Neither Here Nor There
Photographers were required to provide equally the neutral accuracy of the photographic trace, the show-window spectacle of the exotic, and the epiphanous engagement with the sacred. Each of these effects was expected to carry viewers beyond their everyday existences and yet confirm their most central assumptions concerning the word in general and the non-European world in particular. [From Travelling Light by Peter Osbourne]
The above quotation lays out some of the high expectations of Victorian commercial travel photography, whilst also hinting at Ninetieth Century fascinations, desires and obsessions.
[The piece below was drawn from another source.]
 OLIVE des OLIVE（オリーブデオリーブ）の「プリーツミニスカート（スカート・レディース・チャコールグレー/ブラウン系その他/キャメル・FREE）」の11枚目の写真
Such aspirations are all woven into Mountains of Kong by Jim Naughten — not only in subject matter, but also in medium and how one looks at the photographs. Tapping into the wonder and magic of the time, Mountains of Kong takes the viewer on a journey to a mythical mountain range in Africa. Historical descriptions of these fertile lands were lush and hallucinogenic, described by a series of Chinese whispers that became all the more paradisiacal with each Western explorer’s version. Gold and scarlet rivers and trees existed on cerulean mountains where the luscious vegetation jostled with fantastical beasts. Human desire for mythical kingdoms and the creatures that inhabit them are plentiful in literature and folk lore: from the hanging gardens of Babylon and Atlantis, to more contemporaneous beasts such as the Loss Ness Monster and of course King Kong. Such desires continue the promise of a Shangri La, or the capturing of mythical untameable animals that seem locked forever in our imaginations and cultural consciousness.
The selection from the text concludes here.